OH MY GOD YOU GUYS OH MY GOD

_The Last Unicorn_ is getting a five million dollar budget overhaul, "from end to end from top to bottom", "and add five to eight minutes of entirely new shots and sequences that will bring the story to a whole new level." You can find the article here, because those aren't the only exciting details!

The Last Unicorn was one of my favorite movies as a little kid, even if I didn't understand it at the time. Years later the original novel by Peter S. Beagle became my favorite story of all time. I am _so_ excited for this!! Is anyone else?

Apparently you can email contact@conlanpress.com or webmaster@peterbeagle.com with suggestions... I already have! If anyone here has read the book, what scenes from the book would you like to see brought to life?
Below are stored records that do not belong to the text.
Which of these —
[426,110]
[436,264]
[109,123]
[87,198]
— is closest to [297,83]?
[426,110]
Or if you've only seen the movie, what parts needed the most work?


----------



## RosesBones (Oct 16, 2011)

OH MY GOG

I remember that movie!

Clearly I need to dig it up and watch it now. :D


----------



## ultraviolet (Oct 16, 2011)

MY CHILDHOOD 8D
guys you don't even _know_ how pumped I am for this


----------



## Tailsy (Oct 16, 2011)

omg WHAT

yes


----------